My talk will address the accusation of hinduphobia and the use to which it is put, especially in obstructing the movement for recognition of caste discrimination in the UK. What are the forms this accusation takes? When did Hindu groups in the UK begin to claim that they are maliciously targeted for censure? Is there an evidential basis for such claims? Which groups in the diaspora are accused of hinduphobia? I will argue that the notion of hinduphobia is a construction with slippery beginnings but a dangerous reach. It derives its strength from shallow multiculturalist sympathies which thrive on tokenism instead of a genuine understanding of the internal contestations of religious traditions of South Asian diasporic populations.
Hinduphobia is constructed out of a mixed bag of frustrations, aspirations, self-interested belief-choices i.e., choices about what to believe, removed from an evidential base, and a desire to retain a centrist political space that can be used to appeal to both the left and the right according to convenience. Underlying the upsurge in the use of the term since 2014 is also the desire to be seen as worthy of the sympathy and support of human rights activists whose attention is directed towards the global victims of Islamophobia. But a key use of the term ‘hinduphobia’ is linked to the emergence of the public discourse on caste at the global level (Dhanda 2022).
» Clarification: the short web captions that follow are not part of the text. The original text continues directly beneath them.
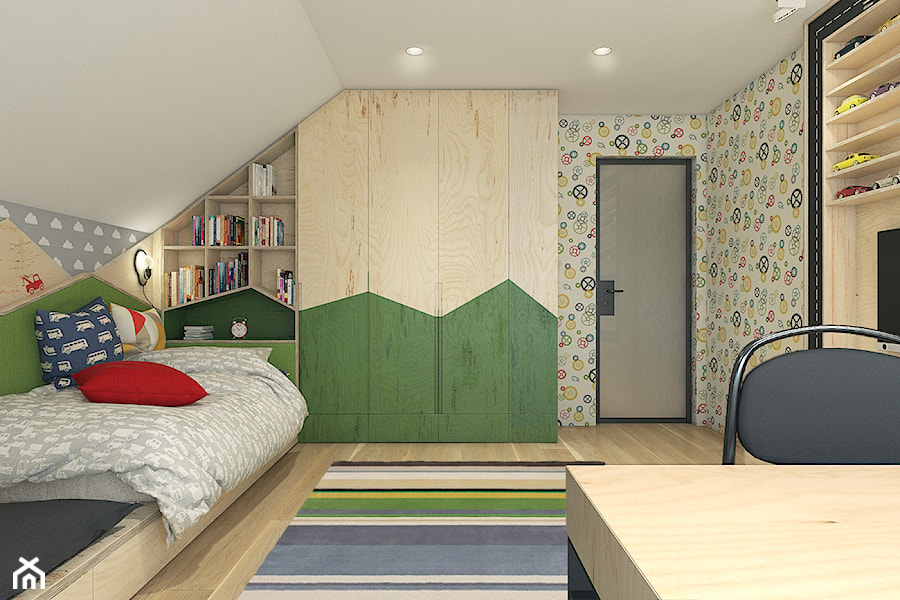 Dom pod Krakowem - przestrzeń zupełna - Średni biały szary zielony z panelami tapicerowanymi pokój dziecka dla nastolatka dla chłopca - zdjęcie od WERDHOME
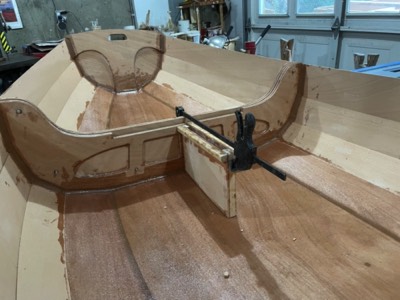  9/14/21 - The daggerboard trunk is epoxied in place. 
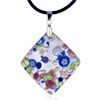 Dichroic Glass Red Green And Pink Square Murano Pendant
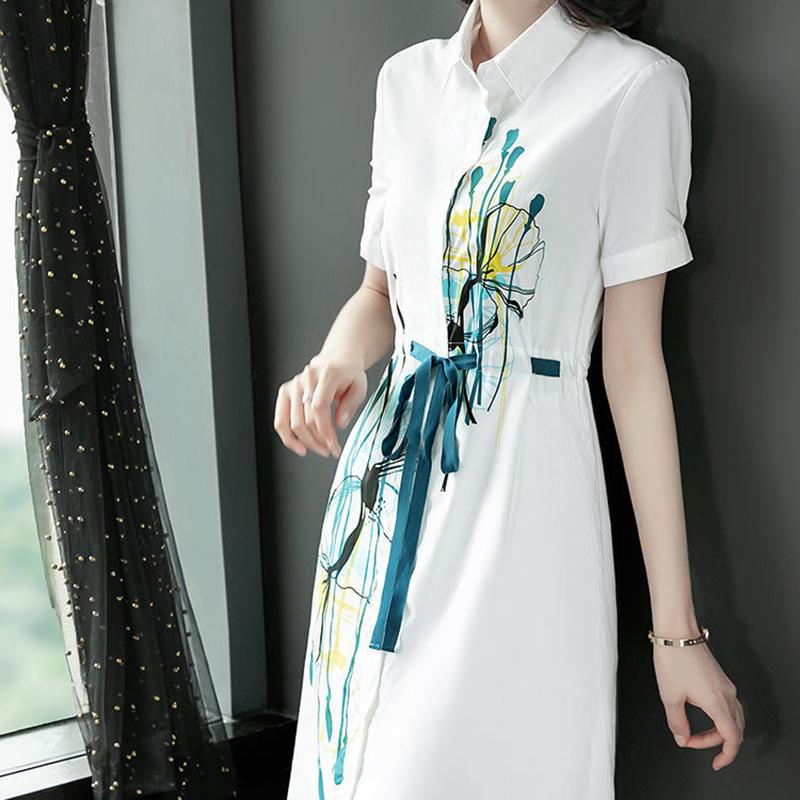 Polo Collar Printed Dress Elegant Temperament Shirt Dresses Comfortable OL Loose Dress with Lapel Neck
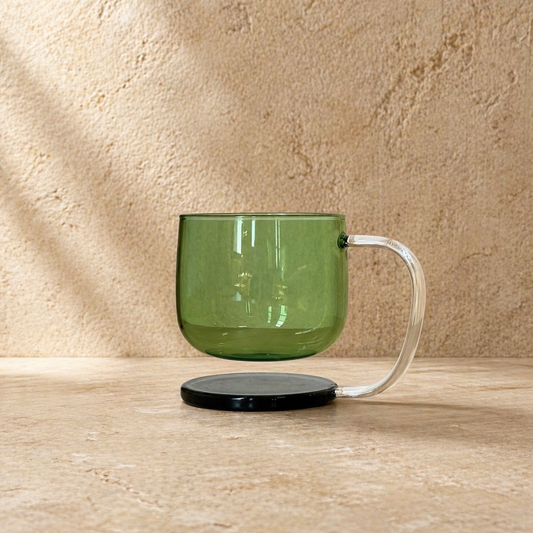 Mitally Lüks Borosilikat Cam Kupa Yeşil 350 ml KOD:032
The notion of hinduphobia in the UK was first deployed during the contestations around the addition of caste to the UK Equality legislation. In the run up to UK parliamentary elections in 2015, The Dharma Sewa Purvapaksha (a forum for a common Hindu-Jain-Sikh political voice) produced a flyer picturing the word “caste” branded on the foreheads of a mother and child above the headline, “Why Dharmic Voters need to VOTE for a Conservative Govt.,” and implied that under Labour “every parent and child living today and forever will be branded a casteist.” But this Diwali (Vijaya Dakshmi), Keith Starmer, Leader of the Labour party said “Hinduphobia as with all forms of discrimination has absolutely no place in society.” We know which side he now takes. A leading opponent of the extension of the equality legislation, the National Council of Hindu Temples (NCHT) spokesperson, in a BBC radio discussion in 2017 complained thus: “Without even thinking about what it means, you automatically now gain the reaction ‘dirty Hindus’, that we’re terrible and have savage ideals, that’s what’s automatically invoked whenever you mention caste. It’s not part of our culture and we don’t want it introduced.” That caste is not a part of our culture is simply absurd. But we need to evaluate the deep disturbance caused by our bringing caste into the UK public discourse. Did it really shake the self-confidence of being-Hindu in the diaspora?